Soluzioni contabili
Affrontare i problemi per il verso giusto è la prima condizione per individuare le possibili soluzioni. Il dibattito sulla chiusura dei punti nascita, recentemente tornato alla ribalta per il caso di Cavalese, non fa eccezione a questa regola. Secondo l’accordo Stato-Regioni del 2010, tuttora in corso di attuazione sul territorio nazionale, i punti nascita che non soddisfano alcuni parametri devono essere chiusi o messi in sicurezza. Tra i parametri da valutare c’è il numero di parti effettuati in un anno, poiché alcuni studi hanno dimostrato che la mortalità si riduce con l’aumentare delle dimensioni dell’ospedale. In situazioni particolari, le autorità sanitarie locali possono mettere in sicurezza un punto nascita di piccole dimensioni, tra l’altro garantendo la presenza continua della guardia medica, derogando all’accordo StatoRegioni. Alla deroga sovrintendono criteri di tipo oggettivo come, ad esempio, il fatto che «i presidi più vicini a quello che andrebbe chiuso siano distanti in termini di tempo di percorrenza, tenuto conto anche delle caratteristiche orografiche del luogo e del clima. In una zona di montagna, dove d’inverno cade molta neve e le strade sono gelate, non si può costringere eventuali partorienti a un lungo percorso per raggiungere un grande ospedale. In questi casi il centro locale va tenuto aperto anche se è piccolo, ma va ovviamente messo in sicurezza. Spetta all’ente locale occuparsene, chiedendo al ministero una deroga motivata» (così scrive il «Reparto salute della donna e dell’età evolutiva dell’Istituto superiore di sanità»).

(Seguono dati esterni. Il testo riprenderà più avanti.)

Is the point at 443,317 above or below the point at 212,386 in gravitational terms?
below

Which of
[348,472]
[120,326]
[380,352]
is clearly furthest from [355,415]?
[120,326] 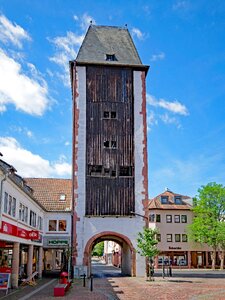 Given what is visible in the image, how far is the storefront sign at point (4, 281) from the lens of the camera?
936 inches

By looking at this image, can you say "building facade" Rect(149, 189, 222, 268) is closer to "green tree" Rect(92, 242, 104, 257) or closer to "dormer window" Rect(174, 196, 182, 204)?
"dormer window" Rect(174, 196, 182, 204)

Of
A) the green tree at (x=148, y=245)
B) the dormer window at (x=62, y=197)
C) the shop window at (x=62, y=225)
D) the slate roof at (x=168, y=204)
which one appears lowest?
the green tree at (x=148, y=245)

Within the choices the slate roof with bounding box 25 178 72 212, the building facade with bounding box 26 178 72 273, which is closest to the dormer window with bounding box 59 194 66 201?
the building facade with bounding box 26 178 72 273

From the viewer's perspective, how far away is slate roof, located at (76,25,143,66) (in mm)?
43969

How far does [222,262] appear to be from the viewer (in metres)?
59.1

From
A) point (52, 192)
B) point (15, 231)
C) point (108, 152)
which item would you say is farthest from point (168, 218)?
point (15, 231)

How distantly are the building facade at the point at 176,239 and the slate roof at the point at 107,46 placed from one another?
87.2 feet

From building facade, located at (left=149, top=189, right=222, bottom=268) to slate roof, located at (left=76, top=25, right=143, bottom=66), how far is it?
26565 millimetres

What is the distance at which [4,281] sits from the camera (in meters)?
24.0

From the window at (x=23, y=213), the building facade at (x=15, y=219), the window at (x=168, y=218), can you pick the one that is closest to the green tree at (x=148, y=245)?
the building facade at (x=15, y=219)

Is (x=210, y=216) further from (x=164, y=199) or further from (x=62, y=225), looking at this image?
(x=62, y=225)

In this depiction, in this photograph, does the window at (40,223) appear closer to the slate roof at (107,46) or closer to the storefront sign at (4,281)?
the storefront sign at (4,281)

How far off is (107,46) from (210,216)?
29.4m

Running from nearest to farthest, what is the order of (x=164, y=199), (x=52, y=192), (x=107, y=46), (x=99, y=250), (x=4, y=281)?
1. (x=4, y=281)
2. (x=107, y=46)
3. (x=52, y=192)
4. (x=164, y=199)
5. (x=99, y=250) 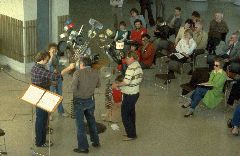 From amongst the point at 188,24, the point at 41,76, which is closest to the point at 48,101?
the point at 41,76

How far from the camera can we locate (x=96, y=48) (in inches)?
617

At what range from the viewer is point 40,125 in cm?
938

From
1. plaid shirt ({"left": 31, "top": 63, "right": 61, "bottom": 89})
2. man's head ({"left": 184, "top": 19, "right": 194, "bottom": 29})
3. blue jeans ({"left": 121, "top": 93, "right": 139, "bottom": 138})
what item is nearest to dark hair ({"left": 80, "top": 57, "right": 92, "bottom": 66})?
plaid shirt ({"left": 31, "top": 63, "right": 61, "bottom": 89})

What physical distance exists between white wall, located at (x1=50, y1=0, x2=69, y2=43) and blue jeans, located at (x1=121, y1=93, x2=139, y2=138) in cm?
468

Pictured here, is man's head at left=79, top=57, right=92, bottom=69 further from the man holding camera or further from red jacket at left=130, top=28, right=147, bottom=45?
red jacket at left=130, top=28, right=147, bottom=45

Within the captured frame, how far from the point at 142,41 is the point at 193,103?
283 cm

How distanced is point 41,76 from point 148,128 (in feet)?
8.90

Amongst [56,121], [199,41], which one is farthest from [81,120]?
[199,41]

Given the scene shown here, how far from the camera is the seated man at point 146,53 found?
13.1m

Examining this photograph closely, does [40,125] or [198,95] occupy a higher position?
[198,95]

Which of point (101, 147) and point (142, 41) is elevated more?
point (142, 41)

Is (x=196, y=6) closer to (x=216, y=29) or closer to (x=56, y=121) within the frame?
(x=216, y=29)

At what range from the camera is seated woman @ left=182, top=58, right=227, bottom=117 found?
11000mm

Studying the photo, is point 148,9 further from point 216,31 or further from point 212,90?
point 212,90
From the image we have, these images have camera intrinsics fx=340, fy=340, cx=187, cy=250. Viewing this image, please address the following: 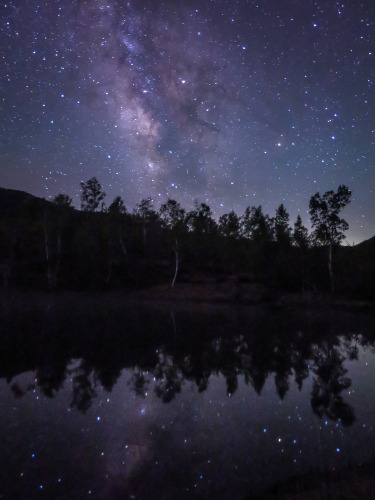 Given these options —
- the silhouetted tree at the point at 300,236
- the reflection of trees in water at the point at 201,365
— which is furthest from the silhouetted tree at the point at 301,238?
the reflection of trees in water at the point at 201,365

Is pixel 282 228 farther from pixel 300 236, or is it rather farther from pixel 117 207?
pixel 117 207

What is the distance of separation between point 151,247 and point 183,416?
4951cm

C’è qualcuno in grado di dimostrare che le strutture sanitarie trentine non siano pressoché tutte in regola con simili presupposti? C’è da dubitarne, perché i punti nascita che si stanno per chiudere, o che non si vogliono riaprire, rispecchiano esattamente i criteri descritti nel virgolettato di cui sopra.

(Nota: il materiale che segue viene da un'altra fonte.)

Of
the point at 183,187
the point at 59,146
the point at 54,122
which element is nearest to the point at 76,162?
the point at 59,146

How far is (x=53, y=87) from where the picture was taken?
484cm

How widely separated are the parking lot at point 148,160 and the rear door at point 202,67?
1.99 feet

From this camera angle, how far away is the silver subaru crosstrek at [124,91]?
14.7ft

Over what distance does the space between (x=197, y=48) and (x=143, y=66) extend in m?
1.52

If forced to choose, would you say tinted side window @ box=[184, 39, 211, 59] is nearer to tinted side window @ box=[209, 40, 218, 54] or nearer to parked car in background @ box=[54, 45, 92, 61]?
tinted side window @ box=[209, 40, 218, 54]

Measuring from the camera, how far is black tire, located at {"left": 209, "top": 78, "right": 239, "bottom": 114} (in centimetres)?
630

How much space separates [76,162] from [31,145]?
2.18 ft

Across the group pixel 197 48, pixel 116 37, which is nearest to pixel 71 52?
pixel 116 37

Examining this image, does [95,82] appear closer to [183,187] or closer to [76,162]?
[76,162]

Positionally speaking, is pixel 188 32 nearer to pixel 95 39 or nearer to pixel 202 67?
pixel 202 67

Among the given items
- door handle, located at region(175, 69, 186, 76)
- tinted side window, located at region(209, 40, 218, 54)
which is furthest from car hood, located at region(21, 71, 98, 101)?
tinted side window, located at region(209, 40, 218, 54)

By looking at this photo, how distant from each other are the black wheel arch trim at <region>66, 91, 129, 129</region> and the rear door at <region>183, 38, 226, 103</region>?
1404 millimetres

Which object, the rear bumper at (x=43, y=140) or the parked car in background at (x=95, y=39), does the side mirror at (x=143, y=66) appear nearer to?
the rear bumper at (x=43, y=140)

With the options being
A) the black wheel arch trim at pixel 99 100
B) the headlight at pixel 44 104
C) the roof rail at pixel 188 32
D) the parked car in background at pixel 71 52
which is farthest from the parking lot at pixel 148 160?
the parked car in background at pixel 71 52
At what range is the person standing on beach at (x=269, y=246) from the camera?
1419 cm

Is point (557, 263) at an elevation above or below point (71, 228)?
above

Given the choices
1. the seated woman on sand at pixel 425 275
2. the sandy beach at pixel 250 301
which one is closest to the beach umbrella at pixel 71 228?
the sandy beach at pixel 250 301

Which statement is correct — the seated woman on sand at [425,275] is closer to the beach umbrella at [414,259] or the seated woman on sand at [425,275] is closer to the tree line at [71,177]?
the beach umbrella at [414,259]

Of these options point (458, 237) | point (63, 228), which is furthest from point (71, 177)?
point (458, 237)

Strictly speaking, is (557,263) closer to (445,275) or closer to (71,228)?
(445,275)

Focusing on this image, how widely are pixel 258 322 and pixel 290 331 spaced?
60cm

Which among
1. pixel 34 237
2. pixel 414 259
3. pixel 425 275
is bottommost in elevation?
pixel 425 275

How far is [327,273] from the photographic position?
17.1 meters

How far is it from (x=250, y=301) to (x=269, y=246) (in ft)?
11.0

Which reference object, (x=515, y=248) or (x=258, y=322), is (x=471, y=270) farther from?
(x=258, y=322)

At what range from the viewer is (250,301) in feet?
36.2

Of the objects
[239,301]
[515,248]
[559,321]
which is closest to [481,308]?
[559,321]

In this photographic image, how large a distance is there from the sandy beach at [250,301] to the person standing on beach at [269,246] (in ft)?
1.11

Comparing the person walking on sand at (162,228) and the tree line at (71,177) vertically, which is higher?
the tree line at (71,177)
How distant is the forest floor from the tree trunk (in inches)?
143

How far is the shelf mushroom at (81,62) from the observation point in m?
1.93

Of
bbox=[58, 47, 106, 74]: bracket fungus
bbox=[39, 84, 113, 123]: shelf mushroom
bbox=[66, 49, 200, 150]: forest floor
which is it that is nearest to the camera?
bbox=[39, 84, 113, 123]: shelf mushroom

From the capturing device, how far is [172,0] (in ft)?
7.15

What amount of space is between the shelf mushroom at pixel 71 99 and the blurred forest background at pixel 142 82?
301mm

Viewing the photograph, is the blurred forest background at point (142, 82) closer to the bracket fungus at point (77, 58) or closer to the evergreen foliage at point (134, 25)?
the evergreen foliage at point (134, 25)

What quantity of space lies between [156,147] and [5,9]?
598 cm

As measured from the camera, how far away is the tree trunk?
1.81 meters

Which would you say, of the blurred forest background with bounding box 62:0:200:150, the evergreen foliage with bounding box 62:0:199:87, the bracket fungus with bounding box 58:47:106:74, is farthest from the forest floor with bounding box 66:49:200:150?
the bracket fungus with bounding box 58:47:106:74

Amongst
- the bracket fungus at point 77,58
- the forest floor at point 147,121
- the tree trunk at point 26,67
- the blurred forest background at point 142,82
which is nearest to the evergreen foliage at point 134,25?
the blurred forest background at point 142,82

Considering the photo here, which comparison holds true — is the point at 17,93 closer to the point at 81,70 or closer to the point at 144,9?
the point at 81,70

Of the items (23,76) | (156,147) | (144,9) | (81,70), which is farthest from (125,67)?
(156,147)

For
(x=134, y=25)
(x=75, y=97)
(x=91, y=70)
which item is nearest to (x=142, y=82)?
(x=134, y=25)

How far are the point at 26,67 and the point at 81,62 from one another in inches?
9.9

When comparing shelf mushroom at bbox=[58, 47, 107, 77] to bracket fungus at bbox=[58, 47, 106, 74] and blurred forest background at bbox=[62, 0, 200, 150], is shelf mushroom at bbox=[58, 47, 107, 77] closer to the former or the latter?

Il problema, ancora una volta, è il «chi e il come» lo si affronta. Un tema come questo, lasciato a persone con la calcolatrice in mano e del tutto prive di preparazione specifica, conduce a soluzioni contabili che deviano in maniera marcata dalla sua sostanza. Confusione e preoccupazione fanno meno danni dell’impreparazione. La solidarietà non è un valore assoluto, è un atteggiamento. Per essere solidali occorre prima di tutto poterselo permettere. Se i nostri governanti non si nascondessero dietro a numeri scopiazzati qua e là, e destinassero quanto messo a servizio di un’accoglienza che non fa il bene di nessuno (men che meno degli «accolti»), probabilmente avrebbero qualche nemico in più a Roma, ma contribuirebbero in maniera molto solida al rafforzamento della matrice territoriale delle nostre popolazioni. La mano che dondola la culla è la mano che governa il mondo (William Ross Wallace), la democrazia è anche un problema demografico. La sveglia è già suonata, il 4 marzo scorso.